Tuesday, December 23, 2008

The Evergreen Grove - Lesson Three

They still stand, just south of the middle stoplight in Pratt, America, along Highway 54, this grove of evergreen trees. Years ago, I wrote about the lesson I learned from the trees, about their glorious diversity, back when they each wore a different color of Christmas lights. And about how, even wearing different colors, in different species, and with different shapes, they all looked to the same sun for light, and how their roots, intertwined, helped them to hold each other up. About how humans could take a lesson from this grove of trees.

But things change, as things must, with the passing of time. Two of the trees are gone now, lost I think in 2001, when we lost two other towering symbols. Their circle is broken, their underground support network weakened. Two new trees, not evergreens, have been planted. And they no longer wear colorful lights; they are all now tastefully adorned with white.

We can see two kinds of lessons in these changes to the evergreen grove. On the one hand, we can say that the breaking in the circle symbolizes the breach of trust in America since 9-11, the demolishing of our invincibility, the weakening of our global leadership. The planting of new, non-evergreens could say that evergreens are out of fashion, like patriotism, responsibility for one’s actions, word bonds, or professing one’s faith, killed by political correctness. The white lights could simply mean that it’s cheaper for the city to only maintain one color of light, city-wide. Or it could stand for the homogenization of our culture, where instead of celebrating our diversity, we elevate minority viewpoints while stifling, even silencing, the majority. It could mean that we have lost America in the fashionable trend not to expect diverse groups to assimilate, but are instead encouraging them to remain separate, isolated, in their ethnic pride. It could symbolize the fact that, in much of America today, there are no wrong answers, everyone is right, no one loses, children must be passed to the next grade to preserve their self-esteem, no matter whether or not they understand what they need to know to survive in life. It could mean that it’s no longer a grove of Christmas trees, but a group of “holiday symbols.”

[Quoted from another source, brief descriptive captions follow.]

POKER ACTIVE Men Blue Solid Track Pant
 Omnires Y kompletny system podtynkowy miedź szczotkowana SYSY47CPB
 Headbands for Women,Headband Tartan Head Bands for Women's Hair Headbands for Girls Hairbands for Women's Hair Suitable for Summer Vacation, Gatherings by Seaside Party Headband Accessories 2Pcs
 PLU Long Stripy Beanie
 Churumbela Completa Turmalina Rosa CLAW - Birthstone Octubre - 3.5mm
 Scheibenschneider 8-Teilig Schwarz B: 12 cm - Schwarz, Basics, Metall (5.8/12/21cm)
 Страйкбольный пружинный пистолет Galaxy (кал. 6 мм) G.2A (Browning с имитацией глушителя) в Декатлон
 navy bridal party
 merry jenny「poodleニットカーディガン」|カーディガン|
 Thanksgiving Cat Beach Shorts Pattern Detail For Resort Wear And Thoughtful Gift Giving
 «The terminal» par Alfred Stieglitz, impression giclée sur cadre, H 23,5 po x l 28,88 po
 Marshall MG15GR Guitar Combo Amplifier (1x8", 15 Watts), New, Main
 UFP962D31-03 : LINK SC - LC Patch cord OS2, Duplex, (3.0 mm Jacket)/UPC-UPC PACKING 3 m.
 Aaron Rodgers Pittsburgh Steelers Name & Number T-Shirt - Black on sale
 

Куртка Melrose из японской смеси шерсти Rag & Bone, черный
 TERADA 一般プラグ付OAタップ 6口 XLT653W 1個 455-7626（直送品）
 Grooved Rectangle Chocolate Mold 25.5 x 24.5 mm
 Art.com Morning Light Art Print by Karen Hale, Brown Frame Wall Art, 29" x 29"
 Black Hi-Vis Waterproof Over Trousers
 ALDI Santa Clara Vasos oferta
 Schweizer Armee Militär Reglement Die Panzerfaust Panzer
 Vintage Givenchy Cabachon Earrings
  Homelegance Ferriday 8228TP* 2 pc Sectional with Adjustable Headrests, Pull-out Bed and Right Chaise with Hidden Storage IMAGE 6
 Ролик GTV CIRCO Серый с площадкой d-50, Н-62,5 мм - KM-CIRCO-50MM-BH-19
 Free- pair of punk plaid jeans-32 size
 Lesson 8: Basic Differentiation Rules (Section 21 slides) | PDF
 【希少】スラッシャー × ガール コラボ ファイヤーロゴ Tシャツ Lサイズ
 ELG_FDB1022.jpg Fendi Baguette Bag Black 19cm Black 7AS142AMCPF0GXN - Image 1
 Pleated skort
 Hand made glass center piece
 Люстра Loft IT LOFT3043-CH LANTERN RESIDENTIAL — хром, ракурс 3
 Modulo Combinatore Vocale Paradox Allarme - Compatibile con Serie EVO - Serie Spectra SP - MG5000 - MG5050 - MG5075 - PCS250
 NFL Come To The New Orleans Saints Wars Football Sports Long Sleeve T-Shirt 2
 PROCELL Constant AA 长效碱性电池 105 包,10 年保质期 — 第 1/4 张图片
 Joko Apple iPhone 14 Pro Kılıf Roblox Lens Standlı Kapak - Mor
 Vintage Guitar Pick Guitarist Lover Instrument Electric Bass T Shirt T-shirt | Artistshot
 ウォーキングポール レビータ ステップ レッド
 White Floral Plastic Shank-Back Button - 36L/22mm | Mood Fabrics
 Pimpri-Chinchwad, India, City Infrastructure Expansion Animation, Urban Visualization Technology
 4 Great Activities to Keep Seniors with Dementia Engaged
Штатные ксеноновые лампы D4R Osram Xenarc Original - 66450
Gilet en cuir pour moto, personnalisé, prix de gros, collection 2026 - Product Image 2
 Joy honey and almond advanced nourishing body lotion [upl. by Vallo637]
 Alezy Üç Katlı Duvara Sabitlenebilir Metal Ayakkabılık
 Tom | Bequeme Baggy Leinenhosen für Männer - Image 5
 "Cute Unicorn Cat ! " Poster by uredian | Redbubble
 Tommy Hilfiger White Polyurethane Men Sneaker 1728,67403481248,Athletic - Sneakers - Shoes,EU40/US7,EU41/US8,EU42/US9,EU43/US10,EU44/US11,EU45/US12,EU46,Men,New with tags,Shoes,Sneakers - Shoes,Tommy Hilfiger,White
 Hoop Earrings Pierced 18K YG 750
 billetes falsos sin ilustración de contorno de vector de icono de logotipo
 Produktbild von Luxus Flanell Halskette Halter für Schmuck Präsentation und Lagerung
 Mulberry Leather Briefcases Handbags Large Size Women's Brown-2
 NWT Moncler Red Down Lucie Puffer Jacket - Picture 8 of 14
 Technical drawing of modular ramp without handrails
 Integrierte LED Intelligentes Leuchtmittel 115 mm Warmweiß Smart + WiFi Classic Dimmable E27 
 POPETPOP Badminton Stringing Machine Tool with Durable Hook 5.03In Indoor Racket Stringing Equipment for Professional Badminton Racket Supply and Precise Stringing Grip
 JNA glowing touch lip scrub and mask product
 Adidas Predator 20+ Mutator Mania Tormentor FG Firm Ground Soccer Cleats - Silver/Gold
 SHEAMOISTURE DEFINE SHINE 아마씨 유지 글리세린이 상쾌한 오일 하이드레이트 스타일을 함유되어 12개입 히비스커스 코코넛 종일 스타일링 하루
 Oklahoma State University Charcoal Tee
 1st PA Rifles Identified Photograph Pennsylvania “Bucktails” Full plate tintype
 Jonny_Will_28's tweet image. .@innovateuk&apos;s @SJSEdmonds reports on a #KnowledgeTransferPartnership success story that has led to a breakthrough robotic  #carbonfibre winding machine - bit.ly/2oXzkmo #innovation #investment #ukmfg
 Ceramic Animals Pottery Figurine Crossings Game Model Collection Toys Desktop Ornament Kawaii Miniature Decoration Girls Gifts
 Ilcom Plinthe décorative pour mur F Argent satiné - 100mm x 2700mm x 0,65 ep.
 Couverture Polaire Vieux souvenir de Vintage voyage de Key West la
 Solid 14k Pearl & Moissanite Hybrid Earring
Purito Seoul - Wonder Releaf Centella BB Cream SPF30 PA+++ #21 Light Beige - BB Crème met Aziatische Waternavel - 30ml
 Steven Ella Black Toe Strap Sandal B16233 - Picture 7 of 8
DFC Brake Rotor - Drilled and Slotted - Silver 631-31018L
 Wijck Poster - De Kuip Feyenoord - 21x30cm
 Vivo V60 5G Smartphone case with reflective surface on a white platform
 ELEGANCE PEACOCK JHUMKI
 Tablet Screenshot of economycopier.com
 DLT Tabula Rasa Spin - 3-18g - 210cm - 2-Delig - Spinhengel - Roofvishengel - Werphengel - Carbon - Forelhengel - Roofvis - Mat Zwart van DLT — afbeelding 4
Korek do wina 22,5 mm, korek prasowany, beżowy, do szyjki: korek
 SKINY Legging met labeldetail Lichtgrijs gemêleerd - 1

On the other hand, the positive hand, the grove could teach us that change is inevitable, that torches must pass to new and different generations, and that there is beauty in that passing. The gaps in the grove might tell us that, though some of them fell, the grove itself remained, roots strong, still surviving and overcoming, much like America after 9-11. The single color could mean that, in America today, or perhaps very soon, people will indeed, in the words of Martin Luther King, Jr., “be judged not by the color of their skin, but by the content of their character.” It could mean that we no longer see colors, but simply people.

The grove could teach us that both lessons are true in different ways. The America of today, six years after 9-11, is no longer solidly behind the war on terrorism. Yet, due to those terrorist attacks, we are suspicious of those different from ourselves. Economic pressures and modern life shows us in graphic ways every day that there are indeed wrong answers, there are winners and losers, and that some do fail at tasks they have attempted. Yet, America is like any family: when times are good, or at least, average, we squabble, quibble, whine and fuss. But when someone or something threatens that family, the family is as unified as a herd of musk ox, forming a circle with the weaker ones in the center and the rest of the herd facing the threat with horns and hoofs. Though we fear those different from ourselves, we take the chance to get to know them, help them if they need it, and they in turn help others. Our attitude of no wrong answers is simply a path we have taken in an attempt to overcome the law of nature that only the strong survive. Without giving Him credit, we are exemplifying, though perhaps in a flawed way, the essence of the nature of the Christian God, that He is not willing that any should perish.

That evergreen grove has been around for a long, long time. I’m sure others have gleaned wisdom from the branches, and that it will be there to teach for many years to come, even if it changes from an evergreen to a deciduous or mixed grove. And maybe that it its greatest lesson: that it endures no matter what life and humans throw at it. Lights or not, it is beautiful. Christmas, Hanukkah, Kwanza, Ramadan—whatever holiday, it celebrates with dignity. Maybe we really do need to learn the lesson of the evergreen grove.